À l’heure de l’austérité, de la hausse de la TVA, des sacrifices imposés aux plus démunis, présentés comme toujours plus incontournables, la « révélation » des retraites-chapeaux des dirigeants de PSA ou d’Air France font désordre. Dans les deux cas, c’est bien l’austérité pour les uns, l’indécence pour les autres.
Dans la société Air France, d’après le SPAF (syndicat des pilotes d’Air France) et SUD Aérien, entre 2005 et 2011 ont été provisionnés plus de 110 millions d’euros pour assurer une retraite dorée à quelques hauts dirigeants de la compagnie. Un montant estimé, puisque le montant de la provision n’apparaît pas en lecture directe dans les comptes. Ce fonds existe pour le bénéfice de 30 cadres dirigeants de la compagnie.Ces hauts cadres peuvent toucher à vie entre 35 et 40 % de leur rémunération moyenne annuelle des trois dernières années d’activité, avec, pour seule condition d’ancienneté, être resté 7 ans à Air France. Spinetta (ancien PDG de la compagnie) a ainsi décidé de liquider sa retraite en 2009, retraite à vie de 490 à 560 000 euros ! Pendant ce temps-là, depuis plus de deux ans, les salaires sont bloqués chez Air France, plus de 7 500 emplois ont été supprimés et les salariés subissent plan social sur plan social.La direction affirmait la semaine dernière que ce système avait été supprimé… depuis janvier 2013, et que le PDG en fonction y avait renoncé, alors que lors de la dernière AG des actionnaires en mai 2013, elle avait bien confirmé la persistance de ce fonds, indiquant même une provision de 34 millions d’euros. Les 30 bénéficiaires de ce dispositif n’ont jamais déclaré y renoncer. Mais le culte du secret honteux est toujours en vigueur à Air France : la liste des hauts cadres en question n’est pas publique, pas plus que le montant de leur rémunération annuelle…120 millions d’euros, répartis entre les 60 000 salariés d’Air France, cela donnerait 2 000 euros pour chacun… De quoi récupérer une petite partie de tout ce qui a été perdu depuis deux ans.
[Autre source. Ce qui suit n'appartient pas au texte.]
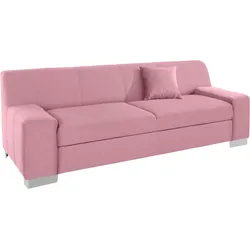 2,5-Sitzer DOMO COLLECTION "Bero", rosa (flamingo), B:212cm H:74cm T:85cm, Feinstruktur (100% Polyester), Luxus-Microfaser (100% Polyester), Zierkissen: Im jeweiligen Bezugsstoff, Struktur fein (100% Polyester), Sofas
Licenciements pour les uns, retraites dorées pour les autres…Quelques semaines après la fermeture du site d’Aulnay avec des milliers de salariéEs jetés à la rue, après la signature d’un accord de compétitivité visant à économiser 125 millions d’euros en imposant sacrifices financiers et dégradation des conditions de travail, l’annonce des sommes mises de côté pour la retraite du PDG licencieur Varin a suscité l’indignation et la colère.Devant le tollé, Varin fait mine de renoncer à cette retraite « dans les dispositions actuelles » : « Je m’en remets au conseil de surveillance du groupe pour décider, quand le moment sera venu, et après avis du haut comité de gouvernement d’entreprise, des conditions appropriées de mon départ à la retraite. » Rien que des amis qui sauront le rétablir dans ses « droits » une fois le quart d’heure d’indignation passé. Sans craindre que Gallois, représentant de l’État au conseil de surveillance de PSA, soit plus vigilant qu’il ne l’a été jusqu’à ce jour. De son côté, la direction de PSA prétend que M. Varin « ne part pas en retraite » et que s’il le fait, il ne percevra « que 310 000 euros par an », soit quand même 25 800 euros par mois…Bien sûr, ces annonces font désordre au moment où le gouvernement prétend s’attaquer aux injustices fiscales tout en poursuivant sa politique d’austérité. Ainsi, plusieurs membres du gouvernement ont exprimé leur « désapprobation ». Pourtant, les retraites-chapeaux sont un dispositif légal… qu’il est question de remettre en cause lors de chaque nouveau scandale. Il avait été question de les encadrer, mais les pouvoirs publics font confiance à l’auto-régulation et se contentent d’un code de « bonne conduite » du Medef. Les bons comptes font les bons amis.